How can we help you?
We welcome your questions and encourage you to ask away!
We understand that choosing a dentist for your family is a big decision and you want to make the best choice. Here are some of the most common questions we receive in our office.
If you have a question and don't see it on the list, just give us a call! We are always happy to help and want to help you feel confident in choosing Prairie Dental Care for your family's dental needs.
Crowns and Bridges
How long your tooth crown will last depends on multiple factors, including how excellent your oral hygiene is and the type of material that makes up your crown.
Dental crowns cannot decay like your regular teeth, which means you don’t have to worry about cavities or root canals for the tooth crown itself. Your artificial crowns are still susceptible to damage, such as fracturing and cracking, however, and it’s still possible for your remaining natural tooth structure underneath the crown to decay.
When it comes to the lifespan of a dental crown, a rough average is approximately ten years. In reality, tooth crowns can last anywhere from five years to more than twenty years—occasionally even lasting a lifetime for patients who are meticulous with their dental care.

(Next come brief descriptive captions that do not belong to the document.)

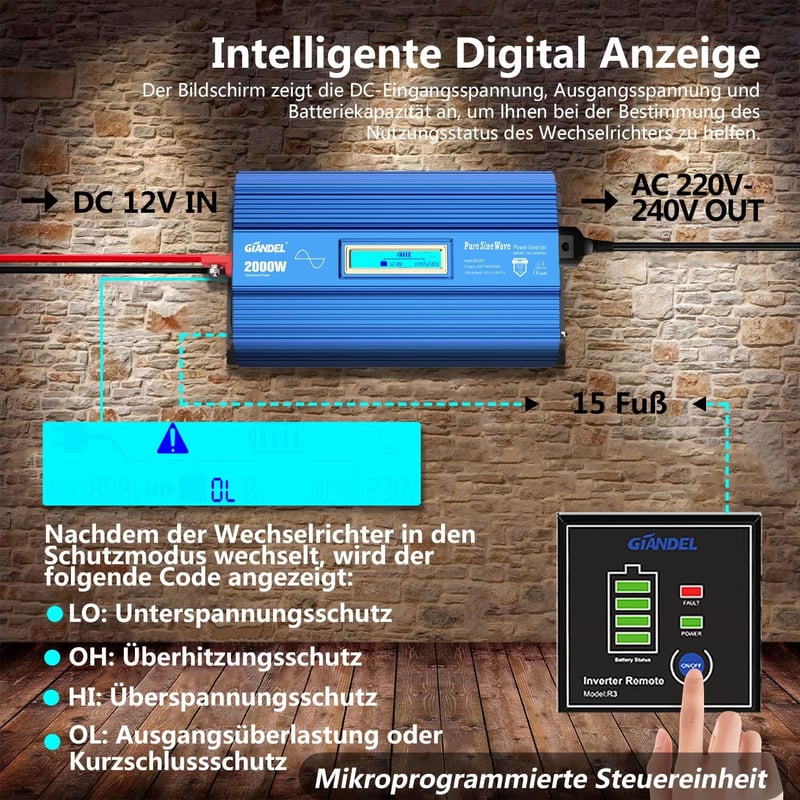 GIANDEL 2000W Színuszos Inverter 12V-230V - Feszültségátalakító Dupla USB Porttal, LCD Kijelzővel és Távirányítóval Lakóautókhoz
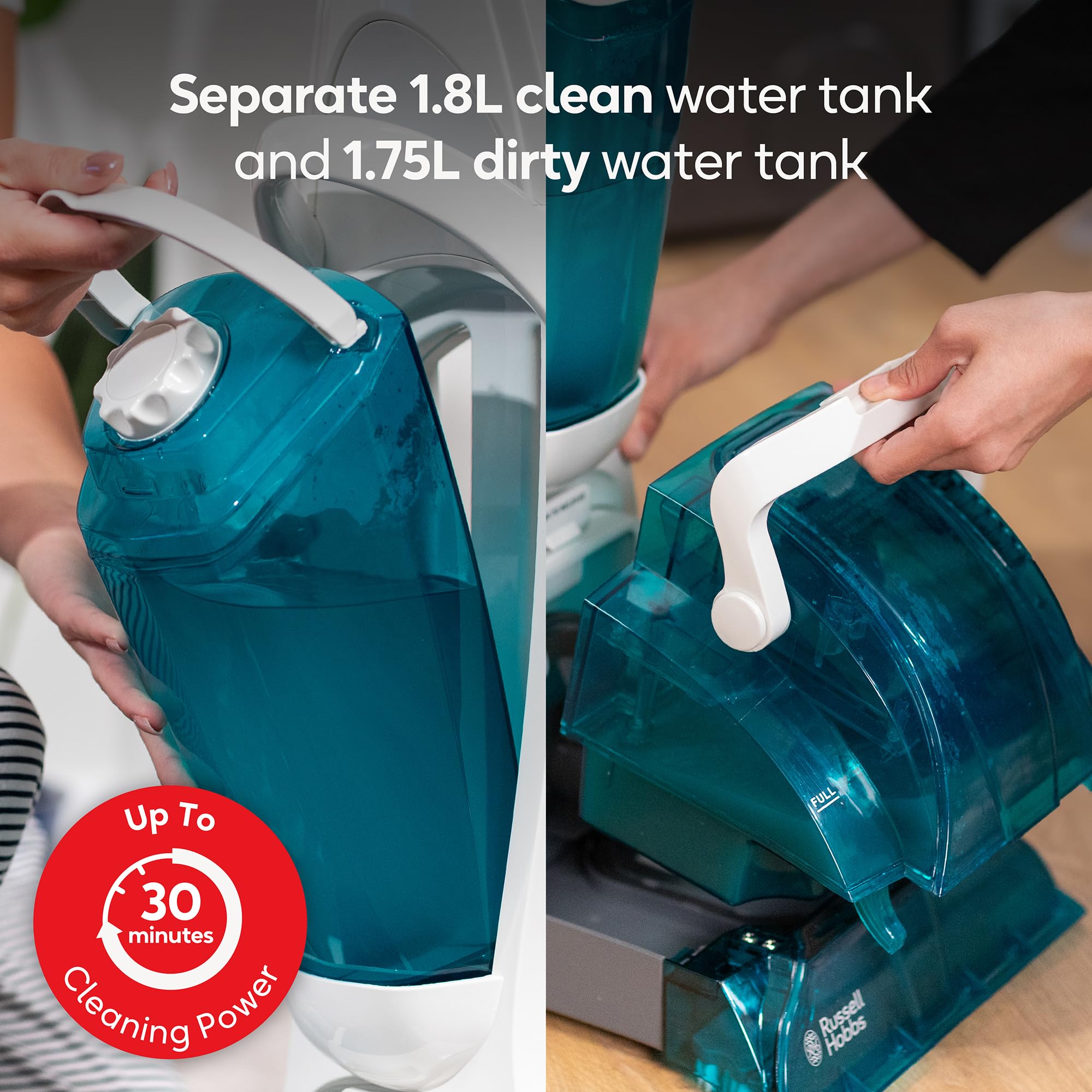 Russell Hobbs RHCC5001 Carpet Washer & Cleaner - 600W Power | 1.8L Clean Tank | Lightweight Design 6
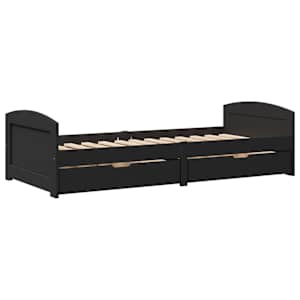 vidaXL p&auml;evavoodi 2 sahtliga ilma madratsita "IRUN" Must 90x200 cm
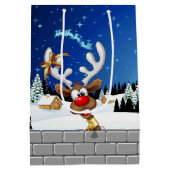 Grappig rendier dat gluurd Kerstmeme Medium Cadeauzakje (Achterkant)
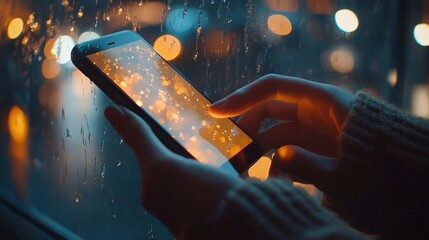 Person using smartphone with glowing screen near rain-covered window at night with blurred city lights in background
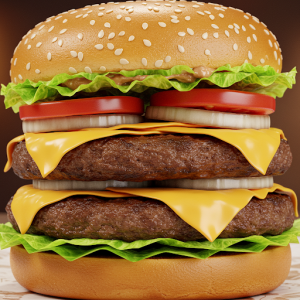 Two beef patties, two slices of cheese, grilled onions, spread, lettuce, and tomato.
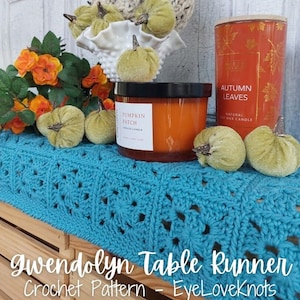 Table Runner Crochet Pattern, Crocheted Table Runner, Gwendolyn Table Runner Crochet Pattern, Granny Square Table Runner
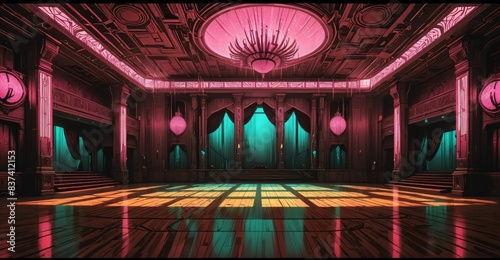 cyberpunk palace ballroom theatre hall. futuristic abandoned sci-fi neon cyber amphitheater auditorium empty room. royal dance hall in noble mansion interior.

The life of your tooth crown will depend on:
- How well you brush and floss
- Whether you stay current on your six-month dental checkups
- Your diet
- Whether you experience any facial trauma that could damage the crown
- How quickly you seek treatment after you notice a fracture or problem with your dental crown
- Whether your tooth crown is made of metal, porcelain, resin, or another material
If you have a question about the lifespan of your dental crown in Aurora, IL, our knowledgeable dentists can provide the answers. Feel free to call Prairie Dental Care during our business hours Monday through Saturday at (630) 907-0330.
Restorations restore the structure of your teeth, but they do not prevent decay. While you can’t get a cavity on the actual filling or crown, the margins and the rest of your tooth can still sustain decay.

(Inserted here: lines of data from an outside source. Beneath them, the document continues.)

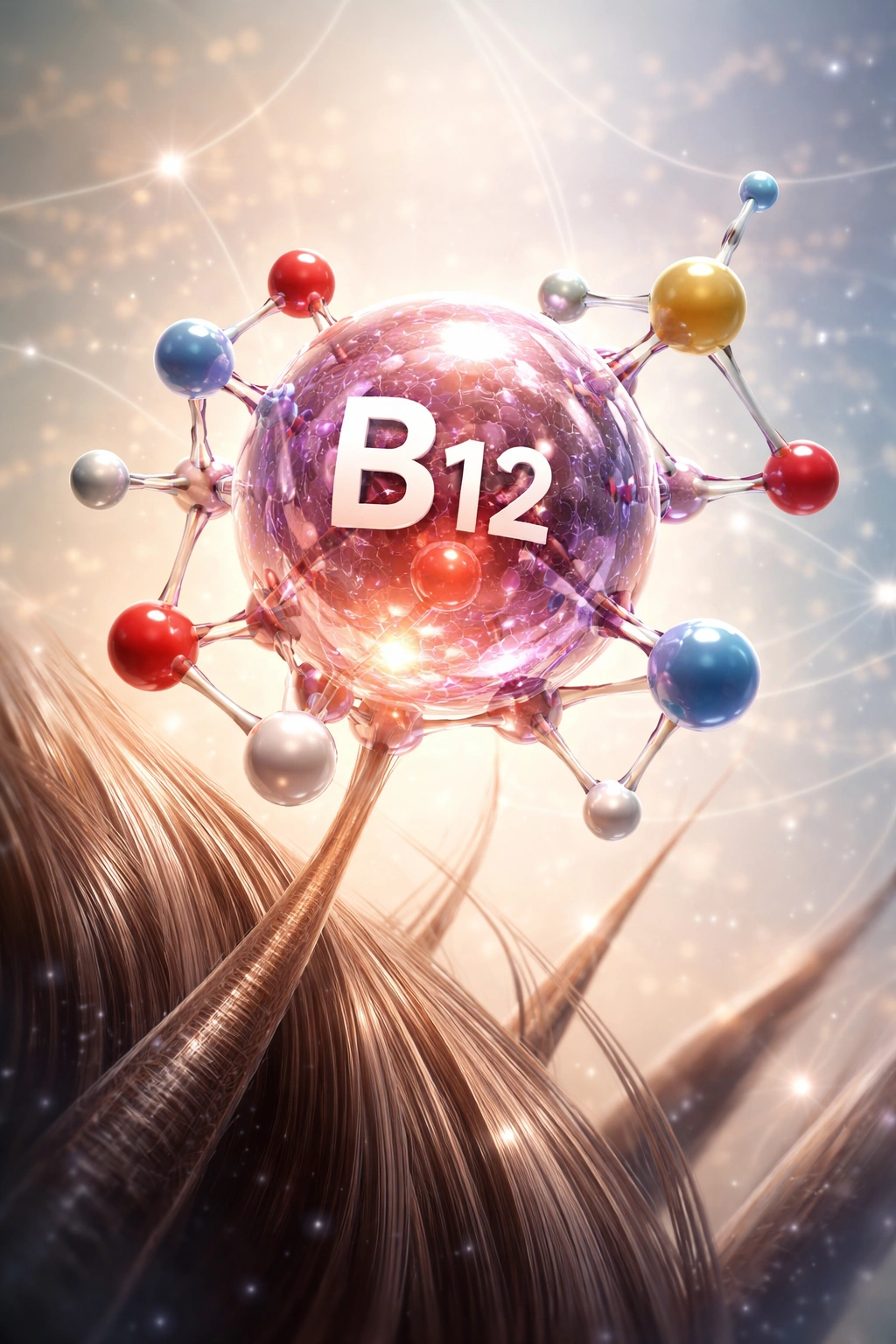 Abstract B12 molecule with network background hinting at metabolic pathways.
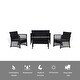 preview thumbnail 42 of 46, Madison Outdoor 4-Piece Rattan Patio Furniture Chat Set with Cushions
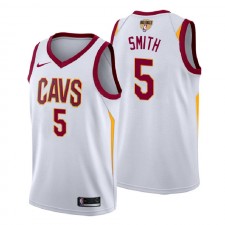HOMMES Cleveland Cavaliers # 5 J.R. Smith 2018 NBA Finales Patched Association Edition Blanc Swingman Maillot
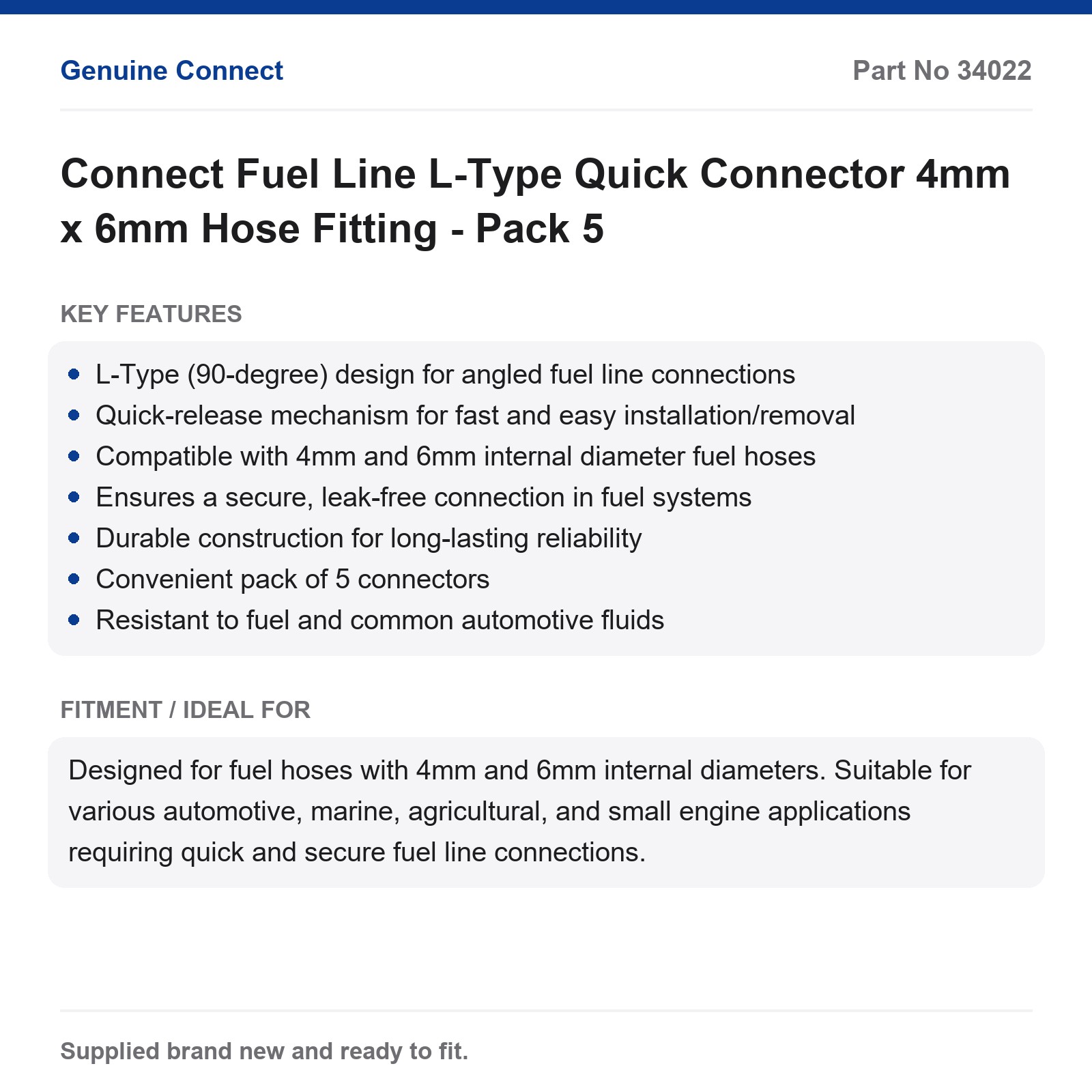 Connect Fuel Line 90 Degree Quick Connector 4mm 6mm Hose Fitting Pack 5 - Image 2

When you have a filling or crown on a tooth and decay occurs, this is called secondary decay. It usually happens around the margins of a crown, near your gumline. It can also happen if your crown has been damaged due to an accident or because of teeth grinding. It only takes a microscopic break to allow bacteria in.
In the case of a filling, secondary decay can occur anywhere on the tooth. It might be near your filling, or it could be between your teeth or on another part of your tooth.

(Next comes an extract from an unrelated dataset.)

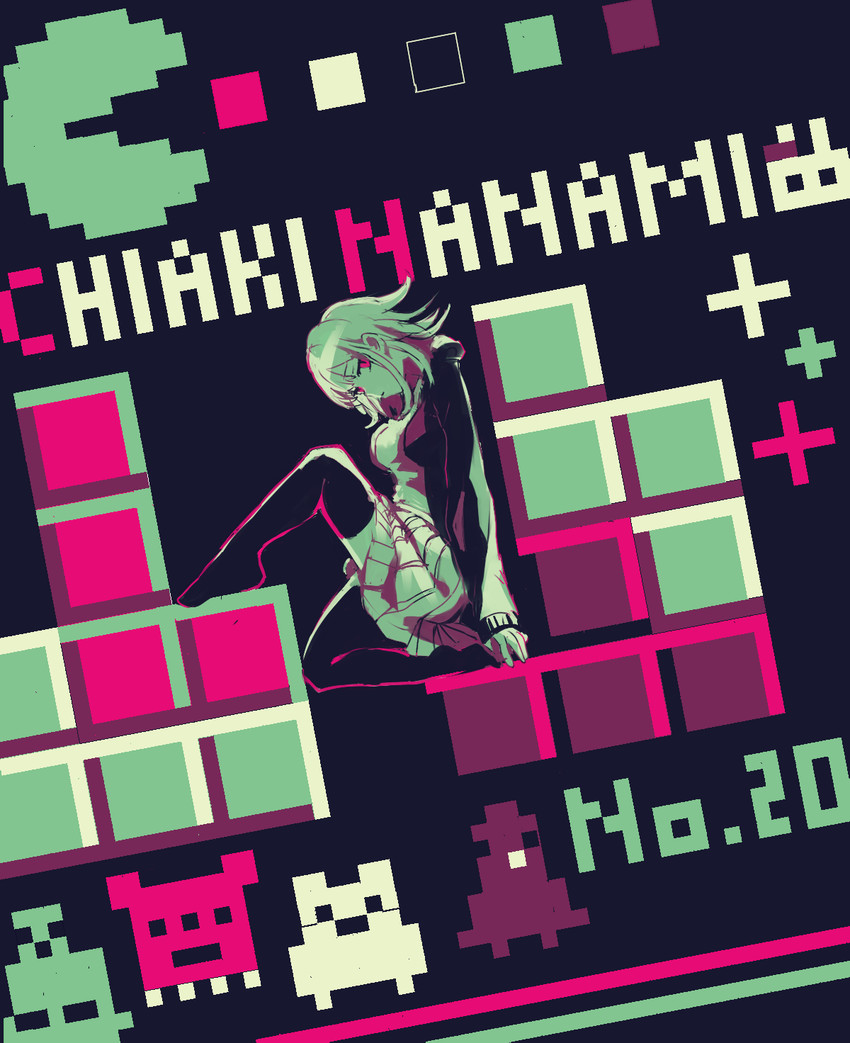 nanami chiaki and pac-man (danganronpa and 2 more) drawn by mebaru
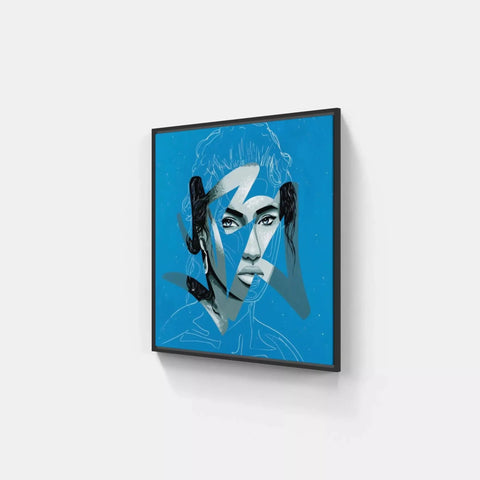 A blue and white painting of a woman with headphones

Discovering the Extent of Decay
We will take a digital x-ray so that we can determine the extent of the decay, and that way, we will know how best to treat you. You may need an additional filling or a whole new crown, depending on the damage. Your treatment options will depend on your situation. Either Dr. Wang or Dr. Ma will discuss this with you. Even with a filling or crown, good home care with brushing and flossing is essential.